Baking with Einkorn Flour
There are few things you can't make with this type of flour. While it has its differences from modern varieties of flour, it can be used to make all the same things — everything from breads and rolls, to muffins and cookies.
I made my first foray into baking with this ancient wheat with the help of the cookbook, Einkorn: Recipes for Nature's Original Wheat, which includes sweet and savory recipes all developed using einkorn flour. My first order of business was banana bread, followed by ginger cookies and pound cake.
How It's Different from Modern Wheat Flours
While you can bake just about anything you'd bake using a modern wheat variety, einkorn flour can prove quite different to work with.
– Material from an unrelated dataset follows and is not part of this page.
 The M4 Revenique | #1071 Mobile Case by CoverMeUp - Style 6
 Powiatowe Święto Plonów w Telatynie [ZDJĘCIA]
Two notable differences are the way einkorn flour absorbs both fats and liquids: Einkorn flour absorbs less fat than the modern wheat flours we're most familiar working with, so the key is having just the right flour-to-fat (usually butter) ratio. It also absorbs liquid much more slowly.
When working with modern wheat flour, say baking a cake, how often do you sift your flour? I'll admit I rarely do it, but this step is actually really important with einkorn flour since it has a much smaller and softer grain. It can even stand to be sifted twice.
Converting recipes to use einkorn flour, unfortunately, isn't always straightforward. It's not always a one-to-one swap of modern wheat flour to einkorn flour. It's really about striking the right balance of liquids and fat, which sometimes means adding a little more einkorn flour to make sticky dough more manageable, or cutting back the flour to prevent dough from getting too dry.